In recent years there have been a number of articles which have explored the visual representation of a so-called “golden-era” of Pakistan. Nadeem F. Paracha has been at the forefront with his attempts to show a Pakistan which many would struggle to recognise today. Just recently there was an article by Ally Adnan in The Friday Times which explored the history of Eid greeting cards via the writer’s own experiences; a more compelling and detailed account of vintage Eid greeting cards and their origin has been done by Yousuf Saeed. And then there was a short pictorial essay by Amna Khawar on vintage travel posters capturing the romantic side of Pakistani tourism. Many of these images relate to the 1950s and 1960s.
As a historian I have been thinking about these articles along with my own research, which has been exploring women’s representation in public spaces in the formative years of Pakistani history, especially the women who worked for Pakistan International Airlines (PIA). I have been fascinated with the role of nostalgia and how this has been shaping the popular imagination in recent years. The pictures collectively evoke a period that is seen as being more liberal, tolerant of ‘others’, modern, sassy, energetic, optimistic and laced with a sprinkling of the colonial hangover.
An early example of this is an ad by PIA from 1960, with the tag line “Move with the times.” PIA was one of the leading brand ambassadors for Pakistan and, combined with the emergence of the jet-age, there was a growing tourism industry that is virtually non-existent now.

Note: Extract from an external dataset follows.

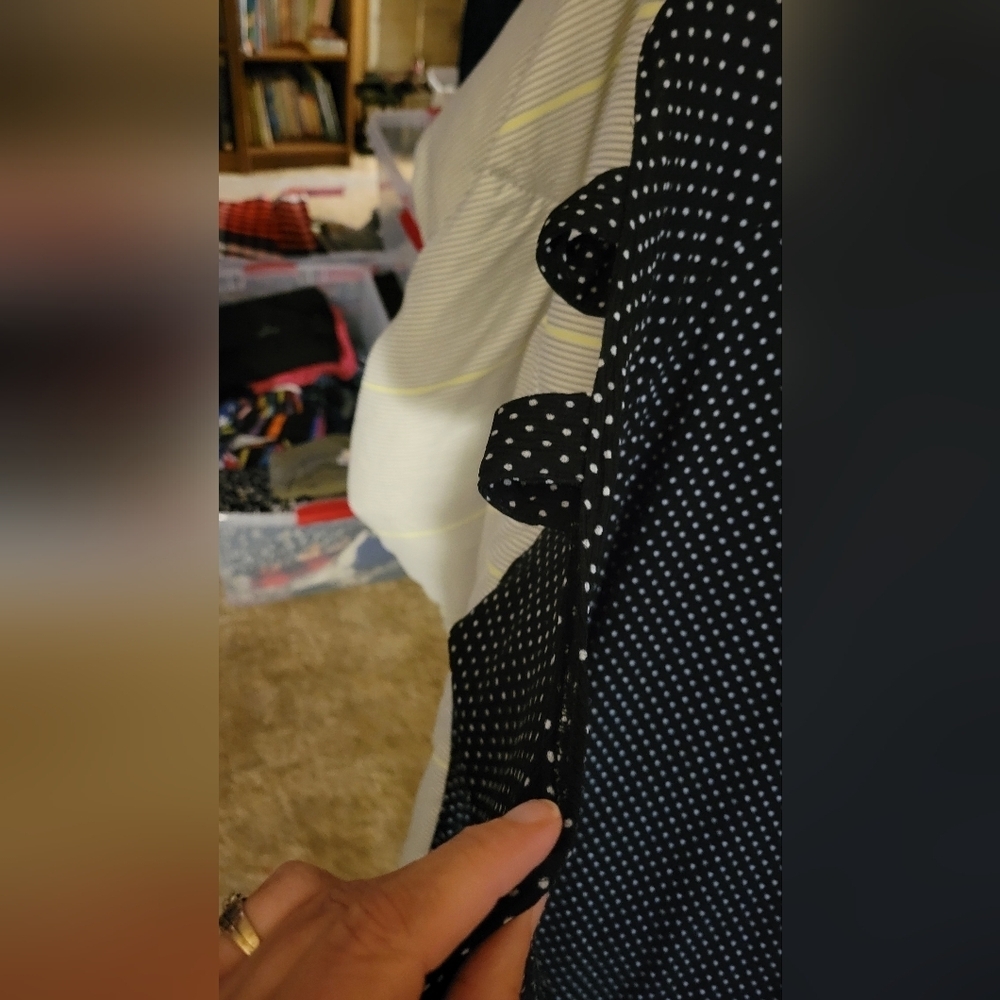FD Fred David 2X Black w White w Polka Dot Ooen 3/4 Sleeves - Picture 3 of 5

More broadly, and used as a source, these images also depict the changes that have taken place in Pakistan and how these are reflected in society. While much has been written about the history of Pakistan, this has largely tended to focus on the political issues, ideological debates, economic concerns or the political leadership. Rarely do we get to glimpse history through the prism of the societal and cultural changes taking place. The ordinary lived experiences of people, especially women, rarely get coverage in the official histories, which are more concerned with the high politics. Yet, if we start to scratch around the pages of old newspapers, magazines, folklore, literature, and personal narratives, there are many untold stories waiting to be explored and unearthed.
So why this fascination now? There are a number of factors converging at the moment which are in many ways compelling commentators and writers to re-visit this history. The political changes and gradual encroachment of religious conservatism in Pakistan makes us want to explore alternative national histories. This is almost a reaction to the current political climate, which has rendered many helpless in their attempt to preserve a more secular and liberal vision of Pakistan, which was seen to be more prevalent in the early days of Pakistani history.

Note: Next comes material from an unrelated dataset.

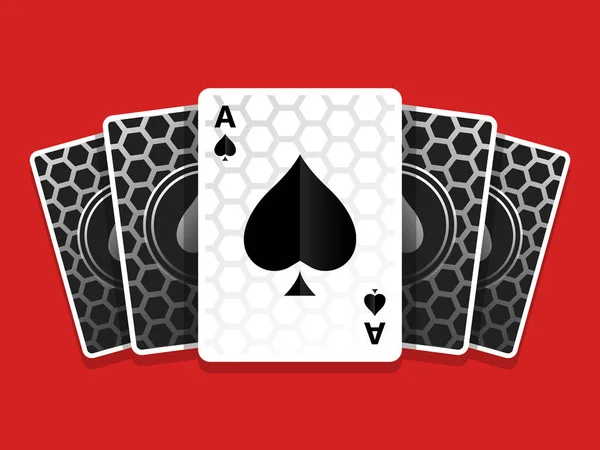 Pik Kartenspiele Kohlenstoff Hintergrund Illustration Symbol Vektor — Stockvektor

The distortion of history, both intentionally and now as a default position because the effect has been so pervasive, has helped to re-write how we understand and analysis the early history of Pakistan. This has been a gradual process but, I would argue, something that started especially after the break-up of Pakistan in 1971. The reaction to the split was an attempt to force bind a greater unity amongst the people and consequently more religiosity was prescribed to keep the nation from further fragmentation. This rather dogmatic approach meant a more exclusive understanding of Pakistani identity which frowned upon anything that deviated from the acceptable norms of the state-view.

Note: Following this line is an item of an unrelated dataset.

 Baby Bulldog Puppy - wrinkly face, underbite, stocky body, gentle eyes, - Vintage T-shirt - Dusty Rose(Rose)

The 1970s were also importantly a watershed for Pakistan because a number of factors converge together. The power of the petro-dollars and Saudi Arabia, the state-sponsored Islamisation during the Zia period, the rise of the pan-Islamic identity, the Russian invasion of Afghanistan, American interests in Pakistan, coupled with the break-up of Pakistan at the start of the decade result in a nation that was seeking a new identity. The response was almost an attempt to finally break away from the shackles of imperialism and create a new post-colonial nation. The replacement, however, has seen this being replaced by a different form of colonialism, one that relies heavily on Saudi Arabia and ironically a dichotomous relationship with America.
Pakistan has thus undergone a vast amount of change during the past forty years. Within all this change, which has been confused and contradictory at times, there is sentimentality and nostalgia for a period that seems so distant. The era of the 1950s and 1960s when, women were optimistic of their role in the nation-building project, and were visible in public spaces; economic prosperity offered hope for the future; a young nation looking and embracing internationalism; and the buoyancy and optimism of independence still reverberating. The reality may have been different but memory is quite subjective and revisionist.
But sixty-eight years on, the optimism and expectations have somewhat dampened and have been replaced by cynicism, lack of faith in the state apparatus to deliver the basic needs for its people and a religious-ideological schism which is pulling people apart.
So it is within this context that increasingly there is a re-evaluation of trying to understand that period. It is in a sense a desperate attempt to hang on to a past that will be familiar to many but more radically it offers a space in which a nation is still trying to define itself. These cultural and social spaces are powerful, just as the margins are; so within these confines there is an opportunity to construct and revise a history that has become so distorted. Indeed History is never static; it is continually changing and is shaped by the present. Similarly, memory is equally revisionist and it is the fragility of the present, which compels many to seek answers in the past and contextualise this history in the present.
By exploring these alternative spaces and histories of our collective past, we can perhaps better understand and hope for a more compassionate future.